Off-Policy Risk Assessment in Contextual Bandits
- URL: http://arxiv.org/abs/2104.08977v1
- Date: Sun, 18 Apr 2021 23:27:40 GMT
- Title: Off-Policy Risk Assessment in Contextual Bandits
- Authors: Audrey Huang, Liu Leqi, Zachary C. Lipton, Kamyar Azizzadenesheli
- Abstract summary: We introduce the class of Lipschitz risk functionals, which subsumes many common functionals.
For Lipschitz risk functionals, the error in off-policy estimation is bounded by the error in off-policy estimation of the cumulative distribution function (CDF) of rewards.
We propose Off-Policy Risk Assessment (OPRA), an algorithm that estimates the target policy's CDF of rewards and generates a plug-in estimate of the risk.
- Score: 32.97618081988295
- License: http://creativecommons.org/licenses/by/4.0/
- Abstract: To evaluate prospective contextual bandit policies when experimentation is
not possible, practitioners often rely on off-policy evaluation, using data
collected under a behavioral policy. While off-policy evaluation studies
typically focus on the expected return, practitioners often care about other
functionals of the reward distribution (e.g., to express aversion to risk). In
this paper, we first introduce the class of Lipschitz risk functionals, which
subsumes many common functionals, including variance, mean-variance, and
conditional value-at-risk (CVaR).

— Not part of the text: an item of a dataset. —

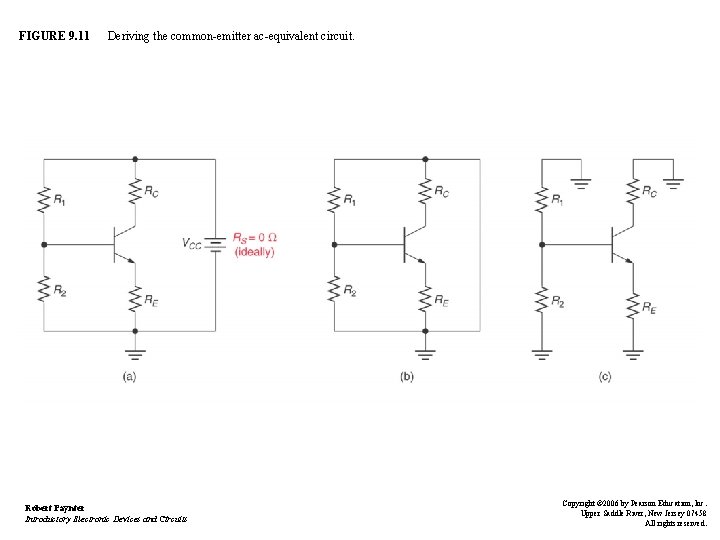 FIGURE 9. 11 Deriving the common-emitter ac-equivalent circuit. Robert Paynter Introductory Electronic Devices and FIGURE 9. 11 Deriving the common-emitter ac-equivalent circuit. Robert Paynter Introductory Electronic Devices and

For Lipschitz risk functionals, the error in
off-policy risk estimation is bounded by the error in off-policy estimation of
the cumulative distribution function (CDF) of rewards. Second, we propose
Off-Policy Risk Assessment (OPRA), an algorithm that (i) estimates the target
policy's CDF of rewards; and (ii) generates a plug-in estimate of the risk.
Given a collection of Lipschitz risk functionals, OPRA provides estimates for
each with corresponding error bounds that hold simultaneously. We analyze both
importance sampling and variance-reduced doubly robust estimators of the CDF.
Our primary theoretical contributions are (i) the first concentration
inequalities for both types of CDF estimators and (ii) guarantees on our
Lipschitz risk functional estimates, which converge at a rate of O(1/\sqrt{n}).
For practitioners, OPRA offers a practical solution for providing
high-confidence assessments of policies using a collection of relevant metrics.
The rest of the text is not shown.